Advanced Advertising has long been regarded as the industry’s version of a cure for a dreaded disease: something coming in the future, after yet a few more years of research and work. But the tide seems to have finally turned.
“Pretty much every year since 2004 or 2005 has been described as ‘the year of advanced advertising,’” admits Paul Woidke, senior VP/general manager of advanced advertising for NagraOpenTV and chairman of the SCTE’s DVS Working Group 5, which has developed key standards for the technology. “What is different now is that it is deployed. The big operators have it out in the field.”

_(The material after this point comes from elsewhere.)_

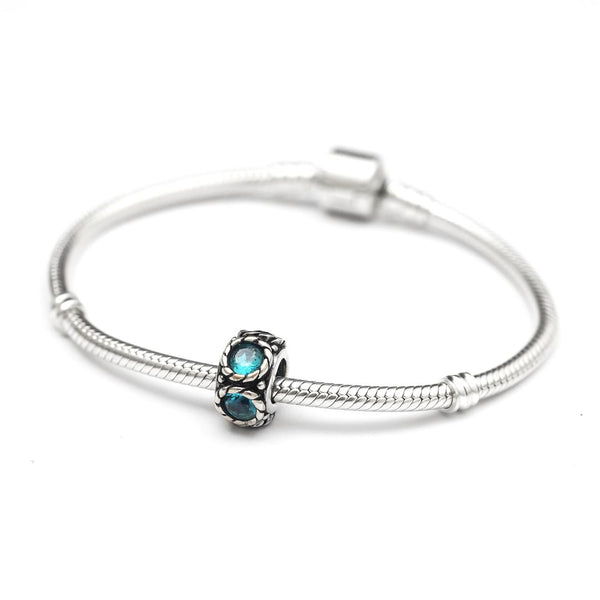 1pc Real 925 Sterling Silver December Birthstone Flower Round Charm Bead, Cubic Zirconia CZ Blue Zircon Gemstone, Compatible with Pandora all Other Charm Bracelets, EC1-N12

Estimates of the size of these deployments vary for specific technologies. But there is little doubt that deployments of some types of advanced ad technologies have passed the 20-million barrier that major advertisers consider the minimum reach they need for successful campaigns.
One rapidly advancing technology is dynamic VOD ad insertion, which allows ads to be switched in and out of VOD content quickly. This is a vital development for the future of VOD advertising because traditionally, the same ads remained in a program for the entire time it was on the platform. Being able to insert new ads will make VOD advertising a much more appealing medium for movie studios, retailers and others with time-sensitive campaigns and promotions.
Comcast currently has dynamic VOD advertising enabled in the “high 80%” of its VOD-enabled homes, and will have the technology in its entire VOD footprint “within a few months,” says Marcien Jenckes, Comcast senior VP and general manager of video services.
A number of other operators are also deploying these capabilities. Overall dynamic advertising platforms could be available in 30 million to 40 million homes by the end of 2012, estimates Nick Troiano, president of advanced advertising technology company BlackArrow. That represents a significant proportion of the country’s VOD homes, which Magna Global projects will hit 58.9 million at the end of 2012.
“There is significant momentum going into this year’s upfronts,” says Troiano. (BlackArrow is providing advanced ad solutions to Comcast and other operators.) “This year will probably be the first time they will be talking to agencies about upfront opportunities for dynamic insertion of VOD.”
Jenckes adds VOD usage has also increased as programmers have made more hit shows available, making it a potentially important ad medium. “We are driving on average 400 million VOD streams a month,” he notes. “It is a very significant advertising opportunity.”
An even larger footprint has been created for interactive TV (iTV) applications. Canoe Ventures’ request for information (RFI) interactive application that allows viewers to request additional info from an interactive spot is currently deployed in “north of 25 million homes,” says Arthur Orduna, chief product officer at Canoe, which is owned by the six largest U.S. MSOs.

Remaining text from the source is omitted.